25 Mar Autism and pooping in pants
Soiling or pooping in pants is a problem many families of autistic children face. It happens most often when the child does not reliable use the toilet for a bowel movement. But it can also happen when the child is fully toilet trained. It is a very common problem in children with autism, Aspergers syndrome and other development disorders.
Children with an autism spectrum disorder struggle with bowel movements! They can struggle with leaky-gut, constipation, and/or diarrhea. Some struggle because of gastrointestinal issues – which form part of their diagnosis, whilst others struggle because of their diet or lack of a proper diet.
Further contributing factors to pooping in pants may include:
- Transitioning difficulties which basically means the child struggles to stop what they are doing to go and do something ells.
- Restrictive behaviors can also be to blame for the child not wanting to use the toilet for pooping.
- Sensory challenges and the child’s refusal to sit on the toilet for periods long enough to allow for a complete bowel movement
- Sometimes autistic children who are toileting can behave in challenging ways. They may want to play with the toilet water, or they may continually flush the toilet. Some autistic children may want to smear poo on the wall. All these behaviors are ways in which the child gets to avoid doing poos on the toilet. So, when they do need to go then they just go in their pants.
- If a child struggles with change, then they may struggle with the use of a toilet when they are in different places.
- Rigid routines can cause problems as the child may not understand that they can go to the toilet when they need to. They may only go to the toilet when their schedule allows for it. This problem is particularly hard to overcome because on the one hand children with autism flourish when they have structure. They flourish with visual schedules BUT visual schedules and too much structure will also mean toilet training difficulties could arise.

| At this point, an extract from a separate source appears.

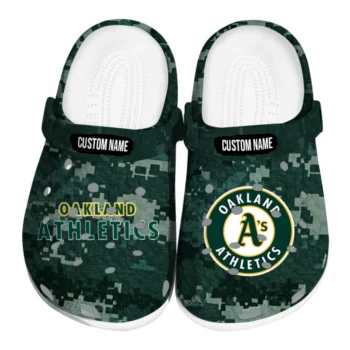 Oakland Athletics Clogs - Custom Digital Camo Green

- A fear of the toilet or bathroom or an association of something negative that happened e.g., if the child had bad constipation and went to the loo and it was painful then they may refuse to defecate in the toilet. They think that if they don’t go into the bathroom defecating will not be painful. In this case the child associates the pain they felt with the bathroom – not with the actual act of pooping.
- The time of day can be a reason for accidents. Nighttime accidents could mean that the child is not aware of their need to go to the toilet when they are sleeping, and you may need to implement a nighttime toilet training routing. Many children have sleeping problems and medication can have side effects that make night time accidents a common problem.
- Co-operative sitting can be another reason. The child is more than able to sit on the loo for a quick wee-wee but the time it takes to wait for their bowels to be empty is a whole different story.
- Children on the spectrum often experience anxiety which can be another reason they do not want to go to the bathroom.
There are so many reasons why a child with autism poop in their pants rather than on a toilet. The best advice we can give is to keep a record of your child’s toileting success and their mishaps. It will help you to understand the underlying problem your child has. Once we know what the reasons are we can start working on strategies to help your child overcome this behavior.